Kung Fury rips off on 1980s film action and arcade game stereotypes. Our hero, talks in a low, gruff voice while donning jeans, a t-shirt, leather jacket (with the sleeves rolled up) leather fingerless gloves topped off with a red head band. He’s like a cross between Ryu from Street Fighter 2 and Axel from Streets of Rage. He fights with shades on, even in the dark and has serious martial arts skills, though heavily assisted by CGI. In this case it’s not necessarily a bad thing. I usually not a fan of CGI or too much wire work in martial arts films but here it enhances the absolutely absurd action and is done very, very well. My favourite scene is when Kung Fury takes on a huge hoard of Nazi’s (yup….Nazi’s), taking each one out in a deadly but stylish martial arts move that would make any character from Mortal Kombat balk and go running for the sick bag.
From the opening sequence, I found myself laughing hysterically – in a good way – while punching the air in salute to its awesomeness. You are immediately treated to the tone for the rest of the film via the intentionally aged footage to make it look like you’re watching an old favourite 1980s actioner on VHS tape. I was amazed at the attention to detail from the 80s costumes to the way that Kung Fury’s digs are decked out.
I am desperately not trying to give anything away as this film will blow your mind, but I should at least give you a run down of the story.

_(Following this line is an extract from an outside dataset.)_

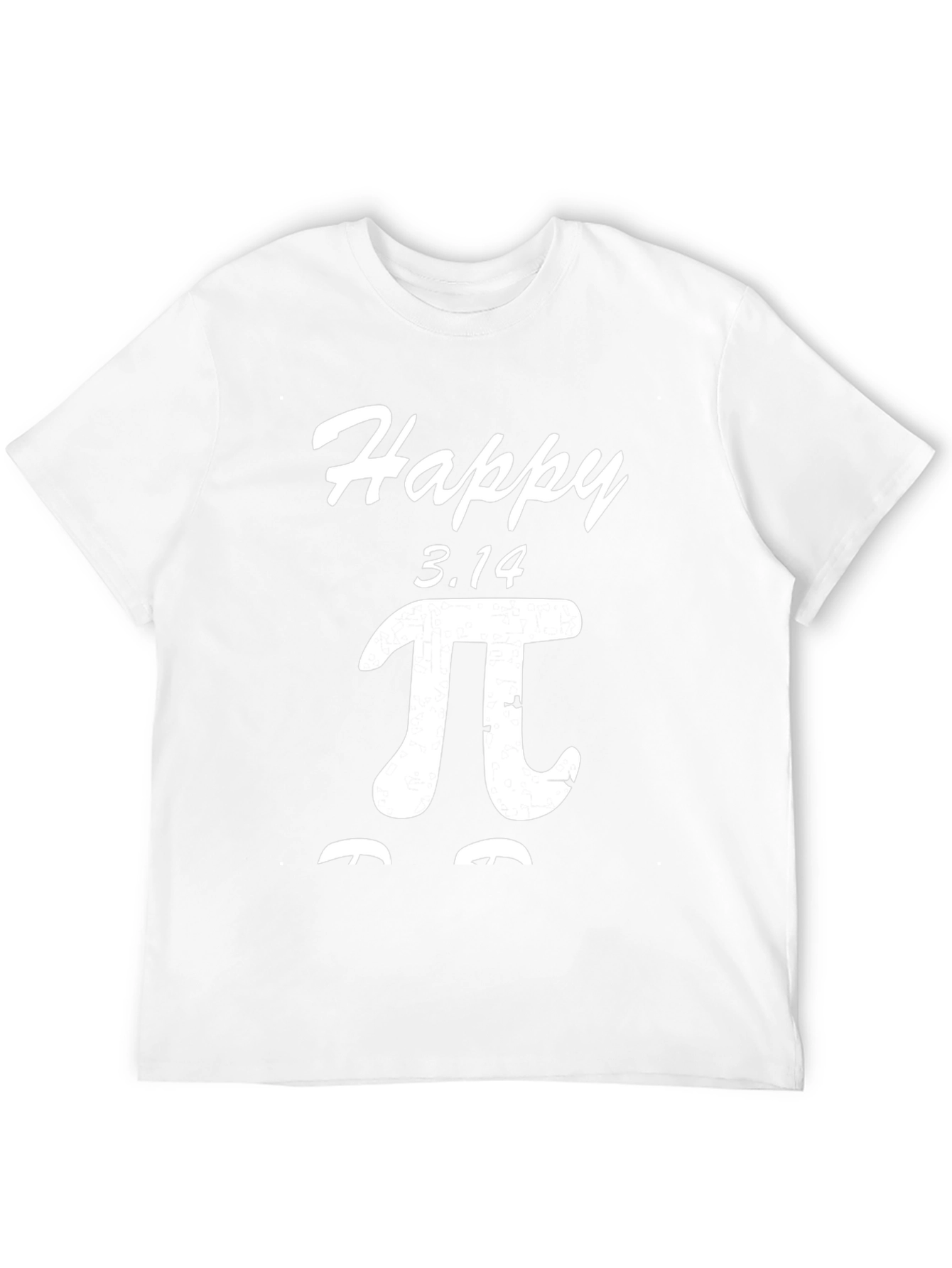Happy Pi Day 3.14 T-Shirt - Math Geek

Ok, erm, here goes……our hero is a cop. He’s on the trail of some Ninja assassin (played by Eos Karlsson) whom he corners into an alley with his cop partner Dragon. Dragon subsequently gets killed adequately enough to ensure that he won’t be in Kung Fury 2 unless it’s in a flashback.

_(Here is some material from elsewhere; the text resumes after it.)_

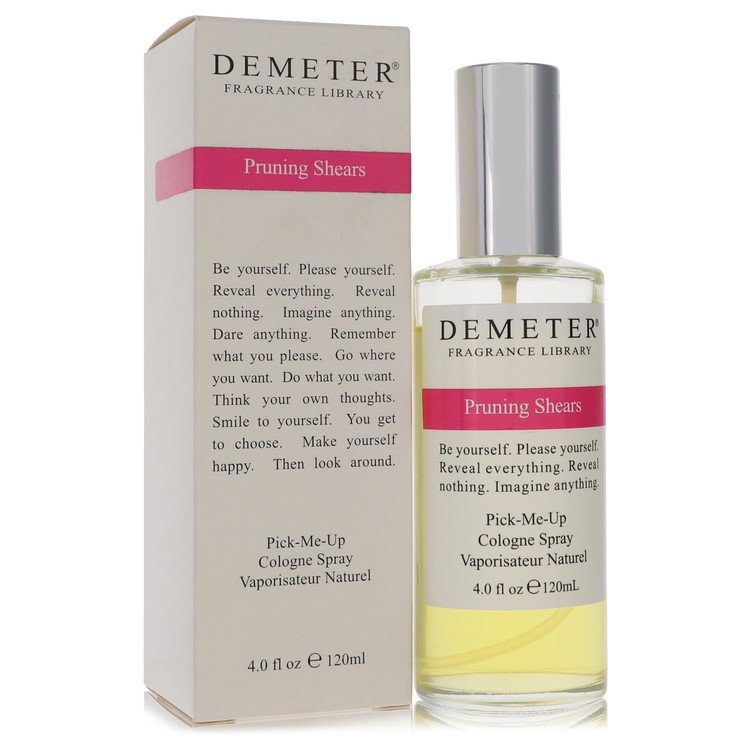 Demeter Pruning Shears Perfume 4 oz Cologne Spray Guatemala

The hero is next, but luckily he gets struck by lightning while simultaneously getting bitten by a cobra just before the ninja can strike. (I’m giggling to myself while I type this.) I say lucky, as the result is that our man turns into Kung Fury, a Kung Fu freak of nature! Are you with me so far? Ok, it goes on; in the 1940s Hilter is some kind of Kung Fu badass but wants the power of the Kung Fury and so travels forward in time Terminator style to kill our hero and to get his power. Hitler murders pretty much an entire cop precinct in the best improbable assassination method I’ve ever seen, but still manages to miss Kung Fury! Fury subsequently finds a way to travel back in time with the intention to revenge-kill Hitler. Trust me when I say that it gets weirder.

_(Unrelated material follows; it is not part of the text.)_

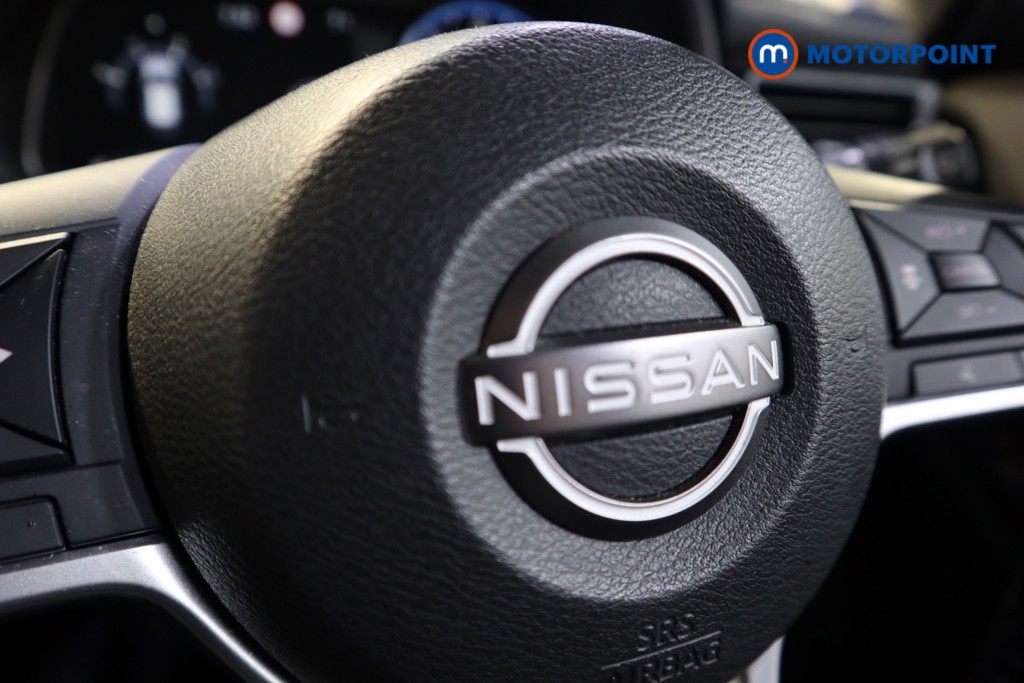 Nissan Leaf E-Plus Tekna Automatic Electric Hatchback - Stock Number (1603801) - 5th supplementary image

The film was written and directed by David Sandberg, who also plays the title role. It is just under half an hour long filled with over the top action, comic genius and some pretty awesome martial arts scenes. I genuinely really enjoyed it, but must be taken with a pinch of salt. At the time of this review, Netflix customers can view it. I have been talking like and quoting Kung Fury for over a week now and still haven’t got bored of it.